### What the task requires
Every line below that has "with" in it should be copied.

### Exercise data
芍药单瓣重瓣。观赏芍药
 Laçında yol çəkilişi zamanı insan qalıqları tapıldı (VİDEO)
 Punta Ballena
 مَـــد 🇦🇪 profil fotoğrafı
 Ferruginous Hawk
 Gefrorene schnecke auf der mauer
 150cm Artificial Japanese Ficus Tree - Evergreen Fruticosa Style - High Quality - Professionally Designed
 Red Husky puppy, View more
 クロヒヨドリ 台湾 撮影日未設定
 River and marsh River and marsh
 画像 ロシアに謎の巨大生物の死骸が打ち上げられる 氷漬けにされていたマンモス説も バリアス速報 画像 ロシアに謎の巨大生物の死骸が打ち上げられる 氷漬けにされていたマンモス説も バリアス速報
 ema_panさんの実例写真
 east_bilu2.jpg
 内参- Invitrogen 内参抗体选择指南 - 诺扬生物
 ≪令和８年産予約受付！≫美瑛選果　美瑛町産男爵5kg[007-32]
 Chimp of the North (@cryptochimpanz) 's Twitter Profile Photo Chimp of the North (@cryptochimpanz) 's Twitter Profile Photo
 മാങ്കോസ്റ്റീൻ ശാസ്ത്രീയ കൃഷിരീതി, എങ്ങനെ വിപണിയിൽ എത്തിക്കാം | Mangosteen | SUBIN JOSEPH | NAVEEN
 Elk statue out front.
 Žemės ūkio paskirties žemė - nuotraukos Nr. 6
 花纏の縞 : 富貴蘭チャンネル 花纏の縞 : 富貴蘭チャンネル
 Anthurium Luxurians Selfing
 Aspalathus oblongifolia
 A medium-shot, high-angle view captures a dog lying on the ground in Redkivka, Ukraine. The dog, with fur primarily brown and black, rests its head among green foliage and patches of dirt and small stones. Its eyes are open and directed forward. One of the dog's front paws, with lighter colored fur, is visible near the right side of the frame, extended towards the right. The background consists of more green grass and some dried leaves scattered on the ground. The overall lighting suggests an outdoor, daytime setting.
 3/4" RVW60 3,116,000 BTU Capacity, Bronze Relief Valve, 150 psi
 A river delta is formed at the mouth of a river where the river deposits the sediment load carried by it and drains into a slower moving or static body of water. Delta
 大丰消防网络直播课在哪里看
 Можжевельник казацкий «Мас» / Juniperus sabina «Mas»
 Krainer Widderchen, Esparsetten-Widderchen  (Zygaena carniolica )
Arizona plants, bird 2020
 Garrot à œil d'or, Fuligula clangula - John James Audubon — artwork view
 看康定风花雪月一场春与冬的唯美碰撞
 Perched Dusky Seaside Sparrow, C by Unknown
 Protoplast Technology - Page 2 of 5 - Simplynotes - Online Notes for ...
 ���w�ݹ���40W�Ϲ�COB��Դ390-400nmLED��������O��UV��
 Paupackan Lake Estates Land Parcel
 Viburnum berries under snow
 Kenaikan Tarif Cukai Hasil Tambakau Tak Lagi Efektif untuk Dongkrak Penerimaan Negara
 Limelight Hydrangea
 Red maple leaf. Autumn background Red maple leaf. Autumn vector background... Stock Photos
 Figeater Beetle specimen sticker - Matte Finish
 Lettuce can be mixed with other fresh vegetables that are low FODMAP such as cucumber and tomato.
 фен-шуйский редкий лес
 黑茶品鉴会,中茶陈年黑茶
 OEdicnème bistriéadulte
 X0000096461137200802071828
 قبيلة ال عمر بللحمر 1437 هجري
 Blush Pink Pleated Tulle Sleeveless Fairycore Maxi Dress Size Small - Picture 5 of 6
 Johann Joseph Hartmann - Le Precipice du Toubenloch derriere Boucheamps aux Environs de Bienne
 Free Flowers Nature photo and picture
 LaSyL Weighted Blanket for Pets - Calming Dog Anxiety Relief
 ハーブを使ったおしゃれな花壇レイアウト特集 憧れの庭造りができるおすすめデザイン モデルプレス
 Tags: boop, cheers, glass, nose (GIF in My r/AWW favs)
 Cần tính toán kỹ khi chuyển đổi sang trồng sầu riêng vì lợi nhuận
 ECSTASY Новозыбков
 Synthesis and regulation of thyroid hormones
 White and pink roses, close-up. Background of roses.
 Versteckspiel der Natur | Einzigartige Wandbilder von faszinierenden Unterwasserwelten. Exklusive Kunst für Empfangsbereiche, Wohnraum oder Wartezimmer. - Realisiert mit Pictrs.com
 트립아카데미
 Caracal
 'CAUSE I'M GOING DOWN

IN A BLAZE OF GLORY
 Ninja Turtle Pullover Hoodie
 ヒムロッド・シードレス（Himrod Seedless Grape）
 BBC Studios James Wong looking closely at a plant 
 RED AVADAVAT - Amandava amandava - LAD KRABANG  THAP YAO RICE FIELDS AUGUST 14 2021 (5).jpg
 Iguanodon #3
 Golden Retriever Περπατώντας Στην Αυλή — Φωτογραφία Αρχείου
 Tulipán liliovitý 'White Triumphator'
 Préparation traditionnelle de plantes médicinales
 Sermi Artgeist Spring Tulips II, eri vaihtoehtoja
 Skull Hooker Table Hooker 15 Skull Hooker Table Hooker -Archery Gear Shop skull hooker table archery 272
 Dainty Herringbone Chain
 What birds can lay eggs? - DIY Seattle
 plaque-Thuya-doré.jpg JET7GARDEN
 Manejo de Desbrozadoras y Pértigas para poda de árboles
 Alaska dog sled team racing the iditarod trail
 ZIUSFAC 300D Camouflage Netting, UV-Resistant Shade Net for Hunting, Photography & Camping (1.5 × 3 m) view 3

### Answer box
 A medium-shot, high-angle view captures a dog lying on the ground in Redkivka, Ukraine. The dog, with fur primarily brown and black, rests its head among green foliage and patches of dirt and small stones. Its eyes are open and directed forward. One of the dog's front paws, with lighter colored fur, is visible near the right side of the frame, extended towards the right. The background consists of more green grass and some dried leaves scattered on the ground. The overall lighting suggests an outdoor, daytime setting.
 Lettuce can be mixed with other fresh vegetables that are low FODMAP such as cucumber and tomato.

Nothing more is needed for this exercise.